Excellent Analytics Tip #22: Calculate Return On Analytics Investment! by Avinash Kaushik.
From the post:
Analysts: Put up or shut up time!
This blog is centered around creating incredible digital experiences powered by qualitative and quantitative data insights. Every post is about unleashing the power of digital analytics (the potent combination of data, systems, software and people). But we’ve never stopped to consider this question:
What is the return on investment (ROI) of digital analytics? What is the incremental revenue impact on the company’s bottom-line for the investment in data, systems and people?
Isn’t it amazing? We’ve not pointed the sexy arrow of accountability on ourselves!
Let’s fix that in this post. Let’s calculate the ROI of digital analytics. Let’s show, with real numbers (!) and a mathematical formula (oh, my!), that we are worth it!

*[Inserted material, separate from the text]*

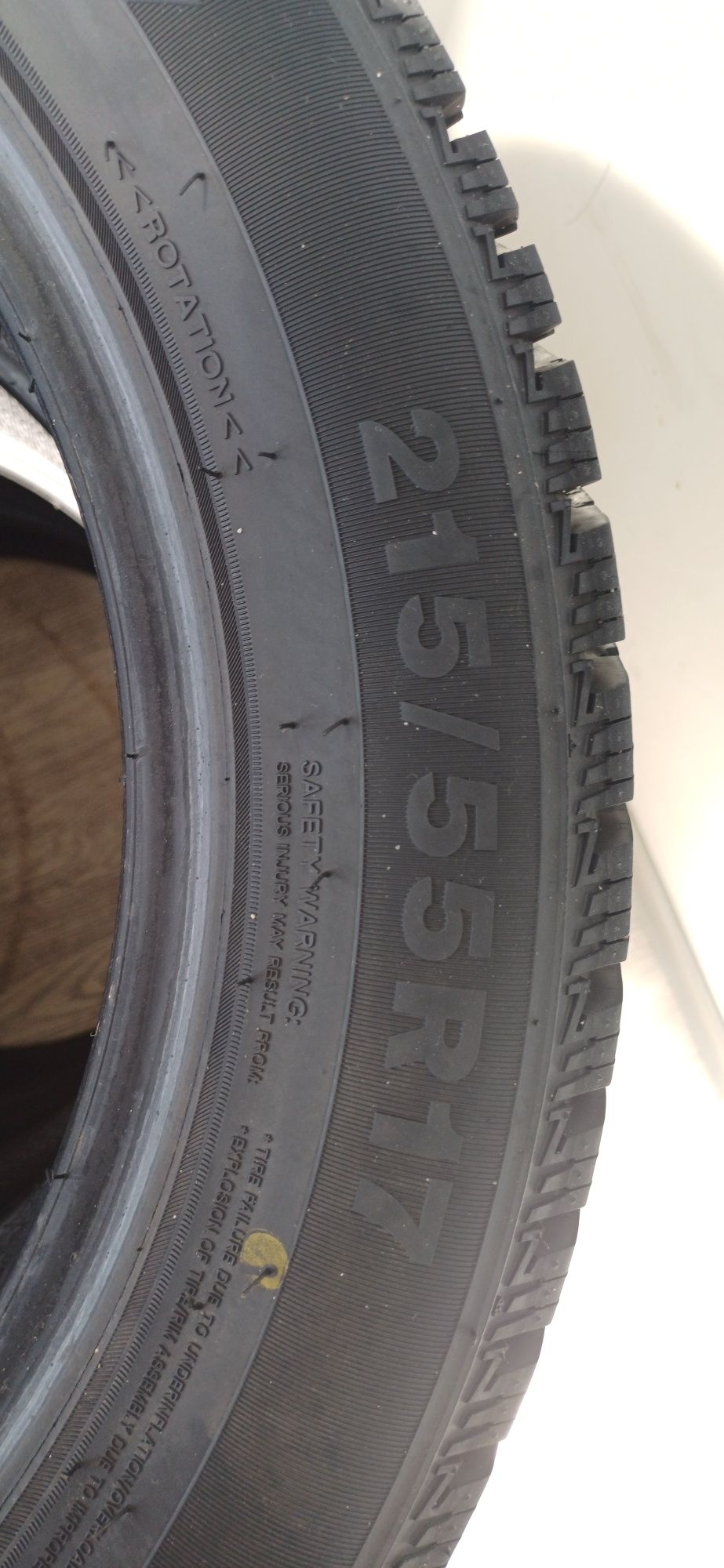 215/55 R17 шипованные Triangle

We shall do that in in two parts.
In part one, my good friend Jesse Nichols will present his wonderful formula for computing ROA (return on analytics).
In part two, we are going to build on the formula and create a model (ok, spreadsheet :)) that you can use to compute ROA for your own company. We’ll have a lot of detail in the model. It contains a sample computation you can use to build your own. It also contains multiple tabs full of specific computations of revenue incrementality delivered for various analytical efforts (Paid Search, Email Marketing, Attribution Analysis, and more). It also has one tab so full of awesomeness, you are going to have to download it to bathe in its glory.
Bottom-line: The model will give you the context you need to shine the bright sunshine of Madam Accountability on your own analytics practice.
Ready? (It is okay if you are scared. :)).
Would this work for measuring topic map ROI/ROA?
What other measurement techniques would you suggest?